# Project bakcground
### This is a Kaggle open challenge back in 2020

Most flight-related fatalities stem from a loss of “airplane state awareness.” That is, ineffective attention management on the part of pilots who may be distracted, sleepy or in other dangerous cognitive states.

This challenge is to build a model to detect troubling events from aircrew’s physiological data. The data was acquired from actual pilots in test situations, and the models should be able to run calculations in real time to monitor the cognitive states of pilots. Using the model prediction, pilots could then be alerted when they enter a troubling state, preventing accidents and saving lives.


### Data dessciption

The dataset is real physiological data from eighteen pilots who were subjected to various distracting events. The benchmark training set is comprised of a set of controlled experiments collected in a non-flight environment, outside of a flight simulator. The test set (abbreviated LOFT = Line Oriented Flight Training) consists of a full flight (take off, flight, and landing) in a flight simulator.

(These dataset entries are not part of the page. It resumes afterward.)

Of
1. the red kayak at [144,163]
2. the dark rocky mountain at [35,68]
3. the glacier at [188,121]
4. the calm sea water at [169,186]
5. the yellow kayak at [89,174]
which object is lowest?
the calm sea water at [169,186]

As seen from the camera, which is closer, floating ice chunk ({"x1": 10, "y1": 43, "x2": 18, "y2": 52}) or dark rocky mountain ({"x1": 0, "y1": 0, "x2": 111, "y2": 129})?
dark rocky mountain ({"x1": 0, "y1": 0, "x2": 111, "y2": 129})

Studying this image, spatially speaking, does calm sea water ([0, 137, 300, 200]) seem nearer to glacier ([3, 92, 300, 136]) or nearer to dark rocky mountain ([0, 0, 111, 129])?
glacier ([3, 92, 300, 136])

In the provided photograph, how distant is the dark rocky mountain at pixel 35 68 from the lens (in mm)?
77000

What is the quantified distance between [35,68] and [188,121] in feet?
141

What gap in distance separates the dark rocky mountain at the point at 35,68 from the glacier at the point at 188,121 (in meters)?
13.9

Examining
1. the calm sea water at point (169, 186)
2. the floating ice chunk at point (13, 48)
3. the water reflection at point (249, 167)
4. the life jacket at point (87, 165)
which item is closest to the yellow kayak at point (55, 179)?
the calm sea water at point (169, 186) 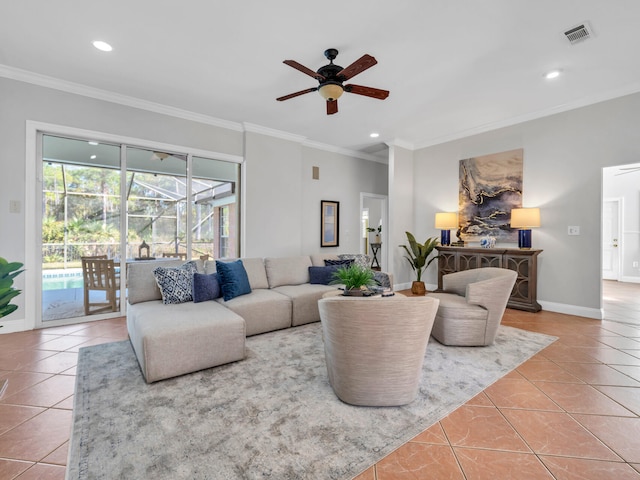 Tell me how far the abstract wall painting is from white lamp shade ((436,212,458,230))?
17 cm

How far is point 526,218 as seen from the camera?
4.27 m

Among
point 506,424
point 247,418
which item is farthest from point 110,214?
point 506,424

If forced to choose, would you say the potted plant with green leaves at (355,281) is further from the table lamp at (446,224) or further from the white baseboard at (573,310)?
the white baseboard at (573,310)

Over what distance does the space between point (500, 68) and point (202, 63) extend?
10.4 ft

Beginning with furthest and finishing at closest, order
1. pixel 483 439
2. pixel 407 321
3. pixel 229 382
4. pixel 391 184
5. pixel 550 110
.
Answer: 1. pixel 391 184
2. pixel 550 110
3. pixel 229 382
4. pixel 407 321
5. pixel 483 439

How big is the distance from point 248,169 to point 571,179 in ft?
15.8

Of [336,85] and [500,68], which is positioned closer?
[336,85]

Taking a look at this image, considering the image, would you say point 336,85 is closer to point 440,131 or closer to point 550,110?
point 440,131

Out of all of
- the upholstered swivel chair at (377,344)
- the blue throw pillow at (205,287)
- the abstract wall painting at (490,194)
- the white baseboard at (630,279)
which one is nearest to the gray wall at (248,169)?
the blue throw pillow at (205,287)

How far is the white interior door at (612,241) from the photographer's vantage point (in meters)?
7.00

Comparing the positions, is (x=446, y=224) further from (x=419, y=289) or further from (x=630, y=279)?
(x=630, y=279)

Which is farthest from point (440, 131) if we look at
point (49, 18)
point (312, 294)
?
point (49, 18)

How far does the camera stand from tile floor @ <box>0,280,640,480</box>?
1.43 m

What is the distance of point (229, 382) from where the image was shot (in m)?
2.24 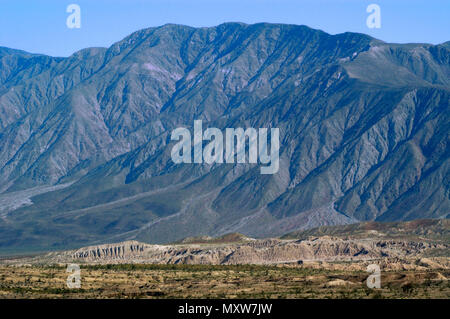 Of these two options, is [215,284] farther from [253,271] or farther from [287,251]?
[287,251]

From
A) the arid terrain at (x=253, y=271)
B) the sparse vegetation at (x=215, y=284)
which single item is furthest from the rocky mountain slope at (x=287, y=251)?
the sparse vegetation at (x=215, y=284)

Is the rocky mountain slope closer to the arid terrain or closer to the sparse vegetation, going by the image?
the arid terrain

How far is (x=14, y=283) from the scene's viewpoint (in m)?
80.3

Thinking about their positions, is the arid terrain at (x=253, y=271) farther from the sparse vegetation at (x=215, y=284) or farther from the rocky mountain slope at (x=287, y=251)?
the rocky mountain slope at (x=287, y=251)

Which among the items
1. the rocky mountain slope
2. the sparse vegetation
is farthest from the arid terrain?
the rocky mountain slope

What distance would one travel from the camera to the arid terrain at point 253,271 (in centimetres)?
7081

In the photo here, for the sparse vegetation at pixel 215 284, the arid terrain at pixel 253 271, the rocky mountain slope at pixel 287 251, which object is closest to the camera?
the sparse vegetation at pixel 215 284

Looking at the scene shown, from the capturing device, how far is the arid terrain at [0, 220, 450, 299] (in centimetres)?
7081

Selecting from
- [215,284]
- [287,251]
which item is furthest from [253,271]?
[287,251] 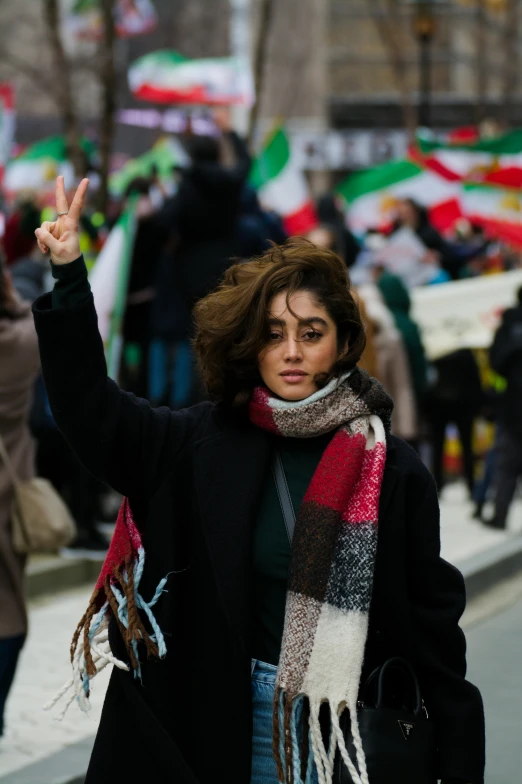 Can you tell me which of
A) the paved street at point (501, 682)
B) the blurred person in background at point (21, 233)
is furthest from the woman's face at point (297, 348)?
the blurred person in background at point (21, 233)

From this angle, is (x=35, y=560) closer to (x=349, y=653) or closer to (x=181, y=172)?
(x=181, y=172)

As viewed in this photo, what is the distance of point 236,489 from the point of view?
119 inches

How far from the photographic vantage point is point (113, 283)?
29.2ft

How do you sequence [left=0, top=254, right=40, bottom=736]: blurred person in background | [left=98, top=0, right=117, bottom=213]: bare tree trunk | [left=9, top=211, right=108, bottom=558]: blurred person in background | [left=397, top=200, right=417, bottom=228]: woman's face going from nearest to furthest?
1. [left=0, top=254, right=40, bottom=736]: blurred person in background
2. [left=9, top=211, right=108, bottom=558]: blurred person in background
3. [left=98, top=0, right=117, bottom=213]: bare tree trunk
4. [left=397, top=200, right=417, bottom=228]: woman's face

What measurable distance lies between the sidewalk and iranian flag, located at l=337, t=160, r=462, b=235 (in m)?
5.39

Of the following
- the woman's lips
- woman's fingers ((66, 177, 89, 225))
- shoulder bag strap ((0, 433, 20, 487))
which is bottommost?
shoulder bag strap ((0, 433, 20, 487))

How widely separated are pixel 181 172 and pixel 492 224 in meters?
7.88

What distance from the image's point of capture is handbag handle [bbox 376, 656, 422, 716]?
3025 mm

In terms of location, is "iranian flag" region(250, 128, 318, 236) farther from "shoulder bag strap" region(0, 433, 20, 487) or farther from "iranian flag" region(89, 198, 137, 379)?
"shoulder bag strap" region(0, 433, 20, 487)

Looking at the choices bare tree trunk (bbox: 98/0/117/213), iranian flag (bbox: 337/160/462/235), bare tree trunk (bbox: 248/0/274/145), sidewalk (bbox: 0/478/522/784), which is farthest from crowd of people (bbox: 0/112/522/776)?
bare tree trunk (bbox: 248/0/274/145)

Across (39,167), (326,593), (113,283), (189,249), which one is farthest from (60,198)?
(39,167)

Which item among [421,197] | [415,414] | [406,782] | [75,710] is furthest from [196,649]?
[421,197]

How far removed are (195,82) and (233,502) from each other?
1653 centimetres

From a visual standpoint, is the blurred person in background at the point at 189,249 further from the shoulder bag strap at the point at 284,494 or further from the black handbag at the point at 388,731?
the black handbag at the point at 388,731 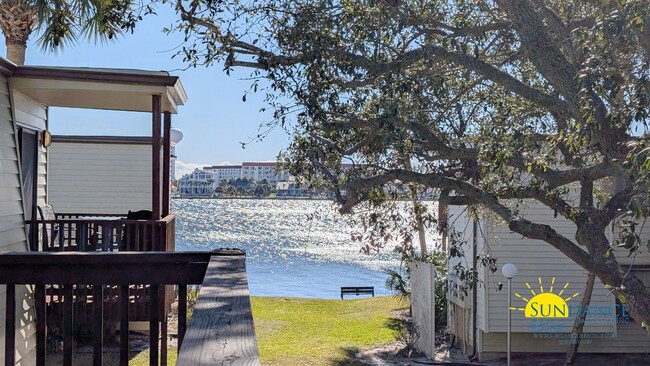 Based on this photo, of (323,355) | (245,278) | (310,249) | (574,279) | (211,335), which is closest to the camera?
(211,335)

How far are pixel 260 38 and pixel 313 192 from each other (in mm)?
2360

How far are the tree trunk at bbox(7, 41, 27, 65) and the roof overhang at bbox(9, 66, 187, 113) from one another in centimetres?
375

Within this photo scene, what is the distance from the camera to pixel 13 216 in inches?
281

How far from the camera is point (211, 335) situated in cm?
179

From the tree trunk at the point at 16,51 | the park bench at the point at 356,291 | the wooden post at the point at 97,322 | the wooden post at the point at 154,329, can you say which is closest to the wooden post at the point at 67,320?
the wooden post at the point at 97,322

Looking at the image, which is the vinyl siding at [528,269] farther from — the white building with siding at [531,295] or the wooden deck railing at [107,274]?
the wooden deck railing at [107,274]

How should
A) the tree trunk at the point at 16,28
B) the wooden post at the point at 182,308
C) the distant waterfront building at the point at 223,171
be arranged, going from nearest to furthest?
the wooden post at the point at 182,308, the tree trunk at the point at 16,28, the distant waterfront building at the point at 223,171

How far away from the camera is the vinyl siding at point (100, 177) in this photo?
14148 millimetres

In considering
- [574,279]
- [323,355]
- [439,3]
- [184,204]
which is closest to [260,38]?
[439,3]

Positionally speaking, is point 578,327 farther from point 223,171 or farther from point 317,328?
point 223,171

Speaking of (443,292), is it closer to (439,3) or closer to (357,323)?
(357,323)

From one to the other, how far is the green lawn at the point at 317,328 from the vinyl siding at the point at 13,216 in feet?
13.3

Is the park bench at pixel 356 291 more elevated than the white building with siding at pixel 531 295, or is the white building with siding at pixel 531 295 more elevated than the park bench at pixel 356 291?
the white building with siding at pixel 531 295

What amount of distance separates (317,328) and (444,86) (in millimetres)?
8511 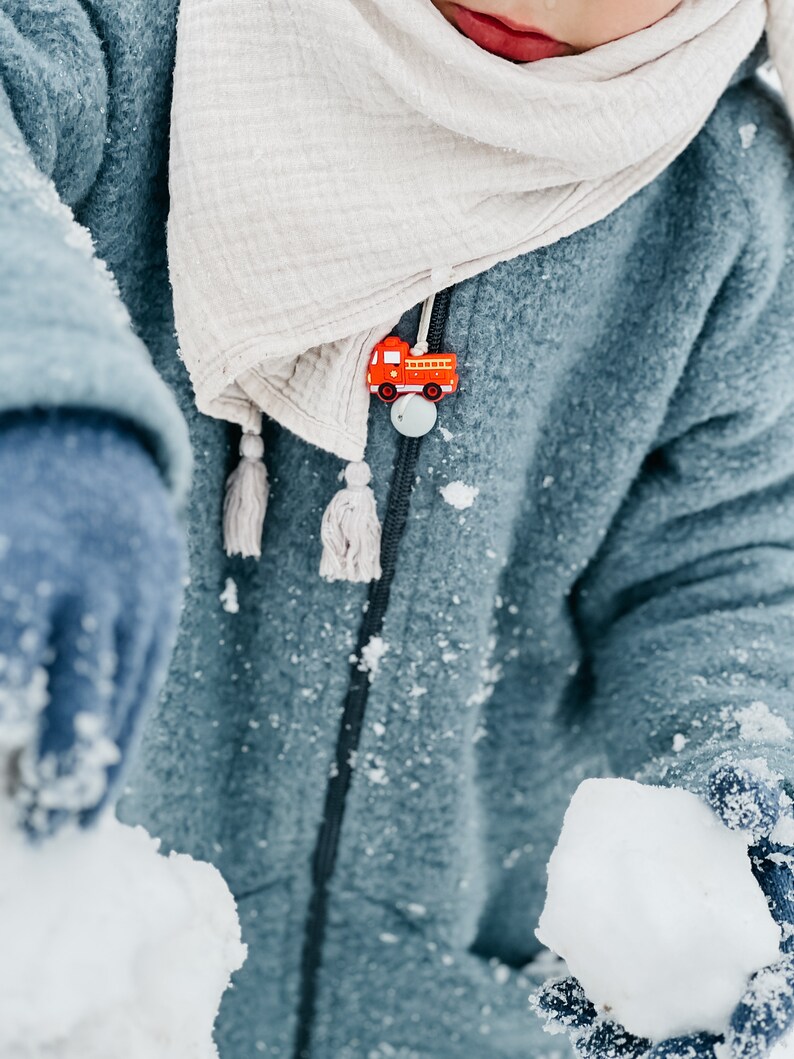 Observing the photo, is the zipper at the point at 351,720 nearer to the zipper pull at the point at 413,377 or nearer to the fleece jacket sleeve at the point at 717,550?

The pilots experienced distractions intended to induce one of the following three cognitive states:

Channelized Attention (CA) is, roughly speaking, the state of being focused on one task to the exclusion of all others. This is induced in benchmarking by having the subjects play an engaging puzzle-based video game.
Diverted Attention (DA) is the state of having one’s attention diverted by actions or thought processes associated with a decision. This is induced by having the subjects perform a display monitoring task. Periodically, a math problem showed up which had to be solved before returning to the monitoring task.
Startle/Surprise (SS) is induced by having the subjects watch movie clips with jump scares.
For each experiment, a pair of pilots (each with its own crew id) was recorded over time and subjected to the CA, DA, or SS cognitive states. The training set contains three experiments (one for each state) in which the pilots experienced just one of the states. For example, in the experiment = CA, the pilots were either in a baseline state (no event) or the CA state. The test set contains a full flight simulation during which the pilots could experience any of the states (but never more than one at a time). The goal of this competition is to predict the probability of each state for each time in the test set.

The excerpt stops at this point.